Some workplaces – particularly government ones – are strictly watching that employees aren’t rooting when they should be working. Italy’s Renato Brunetta, minister for public administration, even warned government workers ahead of the tournament: “Fun is one thing, work is another.”
Many other bosses seem only too happy to allow the World Cup into the workplace – perhaps because they share their subordinates’ football obsession. In the Netherlands, whose team knocked Brazil out in the quarterfinals, the entire country’s quitting time was unofficially moved forward to 1 p.m. on Friday so fans could watch the game.

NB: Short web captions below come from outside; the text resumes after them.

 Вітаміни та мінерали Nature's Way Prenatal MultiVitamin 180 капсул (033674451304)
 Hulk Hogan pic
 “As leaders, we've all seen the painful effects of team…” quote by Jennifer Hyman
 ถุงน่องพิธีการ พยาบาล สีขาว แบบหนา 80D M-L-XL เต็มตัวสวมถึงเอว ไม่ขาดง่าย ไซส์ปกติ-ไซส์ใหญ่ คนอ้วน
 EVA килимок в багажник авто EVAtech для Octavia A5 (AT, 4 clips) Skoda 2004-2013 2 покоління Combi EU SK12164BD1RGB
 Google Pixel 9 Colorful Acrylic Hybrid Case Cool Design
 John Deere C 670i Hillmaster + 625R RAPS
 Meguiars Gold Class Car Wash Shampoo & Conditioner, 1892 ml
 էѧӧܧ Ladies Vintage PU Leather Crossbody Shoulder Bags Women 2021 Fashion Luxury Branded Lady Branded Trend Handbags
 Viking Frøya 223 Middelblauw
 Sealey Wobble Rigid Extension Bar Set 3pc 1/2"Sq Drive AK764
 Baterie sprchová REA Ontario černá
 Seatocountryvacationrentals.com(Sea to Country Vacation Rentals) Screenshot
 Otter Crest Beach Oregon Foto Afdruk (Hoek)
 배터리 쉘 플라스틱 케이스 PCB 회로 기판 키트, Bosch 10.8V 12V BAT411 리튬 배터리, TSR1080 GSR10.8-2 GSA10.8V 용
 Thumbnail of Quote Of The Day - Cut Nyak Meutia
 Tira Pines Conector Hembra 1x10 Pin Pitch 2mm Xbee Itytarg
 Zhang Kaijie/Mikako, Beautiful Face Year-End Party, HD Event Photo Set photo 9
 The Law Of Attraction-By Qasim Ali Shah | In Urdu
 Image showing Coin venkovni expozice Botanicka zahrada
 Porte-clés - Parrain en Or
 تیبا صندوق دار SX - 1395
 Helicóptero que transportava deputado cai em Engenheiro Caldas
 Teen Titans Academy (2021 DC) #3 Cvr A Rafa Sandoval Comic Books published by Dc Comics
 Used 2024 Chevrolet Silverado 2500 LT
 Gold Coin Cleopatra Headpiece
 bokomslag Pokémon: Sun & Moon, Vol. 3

Adam Gardner, a 31-year-old custodian at Cambridge University, said his boss gave him permission to come in early and leave early to root for England – then headed out to watch the game himself.
“A lot of people did. The place was empty,” Gardner said.
German insurer Allianz SE set up viewing areas in its Munich offices for Germany’s match with Serbia and allowed all interested to watch it – as long as they punched out beforehand so they weren’t watching on company time. About 10 percent – 1,100 workers – took the company up on the offer.
“It is really motivating if employees are allowed to watch the World Cup during their work day at the company,” Allianz spokeswoman Vera Werner said. “Some of the managers also came along to watch the game and they saw it as a way to boost their co-workers’ team spirit.”
The U.S. is not as swept away as the rest of the world, but nearly 15 million Americans tuned in to ABC for the team’s 2-1 loss to Ghana in extra time, with another 4.5 million watching on the Spanish-language Univision – making it the most-watched men’s World Cup game ever in the country.
The World Cup is the fourth-biggest “top productivity sapper” in the U.S., based on a nonscientific ranking of top sporting events carried out by Challenger, Gray & Christmas, a workplace consultancy based in Chicago. The NCAA men’s basketball tournament ranked No. 1 and was followed by NFL fantasy football pools and the Super Bowl.
Concessions to World Cup fever perhaps go furthest in Brazil, where the notion of not allowing workers to watch matches – or in most cases, giving them most of the day off to view it with family and friends – would be met with mass revolt.
And then there’s Uruguay.
For the Celeste’s quarterfinal victory over Ghana, Uruguayan government offices shut down at 3 p.m. or simply stopped responding to the public, as did the banking system and most businesses.
For its semifinal match today against the Netherlands, management and unions “in virtually every company” have agreed to modify shifts so that everyone can watch, said the secretary of Uruguay’s powerful metalworkers union, Marcelo Abdala.